Where [tex]p_1 \in (0, h{G_1}'(t+k_1))[/tex]

Similarly for the next two terms substituting [tex]G_2(t+h)[/tex]
[tex]f(G_1(t), G_2(t+h)) - f(G_1(t), G_2(t))[/tex]

[tex]f(G_1(t), h{G_2}'(t+k_2) + G_2(t)) - f(G_1(t), G_2(t))[/tex]

[tex] = h{G_2}'(t+k_2) \frac {\partial df}{\partial dx_2} \big]_{(G_1(t), p_2 + G_2(t))} [/tex]

Where [tex]p_2 \in (0, h{G_1}'(t+k_2))[/tex]
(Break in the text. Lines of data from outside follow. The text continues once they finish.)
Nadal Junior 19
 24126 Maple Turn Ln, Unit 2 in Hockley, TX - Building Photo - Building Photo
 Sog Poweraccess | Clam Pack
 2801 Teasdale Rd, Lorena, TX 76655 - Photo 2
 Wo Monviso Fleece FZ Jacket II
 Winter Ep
Combining this all together and dividing by h:

[tex]\frac {f(\textbf{G}(t+h)) - f(\textbf{G}(t))}{h}[/tex]

[tex]= {G_1}'(t+k_1) \frac {\partial df}{\partial dx_1} \big]_{(p_1 + G_1(t), G_2(t+h))} + {G_2}'(t+k_2) \frac {\partial df}{\partial dx_2} \big]_{(G_1(t), p_2 + G_2(t))}[/tex]

Now as [tex]h \rightarrow 0[/tex], [tex]k_1, k_2, p_1, p_2 \rightarrow 0[/tex] since they are contained in intervals up to [tex]h[/tex]. The LHS is now the chain derivative

[tex] {(f \circ \textbf{G})}'(t) =\lim_{h \to 0} \frac {f(\textbf{G}(t+h)) - f(\textbf{G}(t))}{h} [/tex]
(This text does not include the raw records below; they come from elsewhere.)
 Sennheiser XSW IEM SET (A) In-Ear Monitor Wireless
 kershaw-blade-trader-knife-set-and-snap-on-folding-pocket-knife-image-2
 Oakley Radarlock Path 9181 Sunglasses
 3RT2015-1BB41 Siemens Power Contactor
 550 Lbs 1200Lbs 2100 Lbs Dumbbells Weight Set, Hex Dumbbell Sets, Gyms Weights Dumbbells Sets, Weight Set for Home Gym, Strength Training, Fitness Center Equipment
[tex] = {G_1}'(t+k_1) \frac {\partial df}{\partial dx_1} \big]_{(p_1 + G_1(t), G_2(t+h))} + {G_2}'(t+k_2) \frac {\partial df}{\partial dx_2} \big]_{(G_1(t), p_2 + G_2(t))}[/tex]

[tex]= {f}'(\textbf{G} (t)) { \textbf{G}}'(t) [/tex]

I've tried generalizing this for any n, but it gets rather long so I'm not sure how to put in concisely. After that, I don't know how to take it to the general proof (any m,n) as required.

Thanks

I like Serena · Apr 9, 2011

Rather than going into all the limit stuff, I think there is an easier way.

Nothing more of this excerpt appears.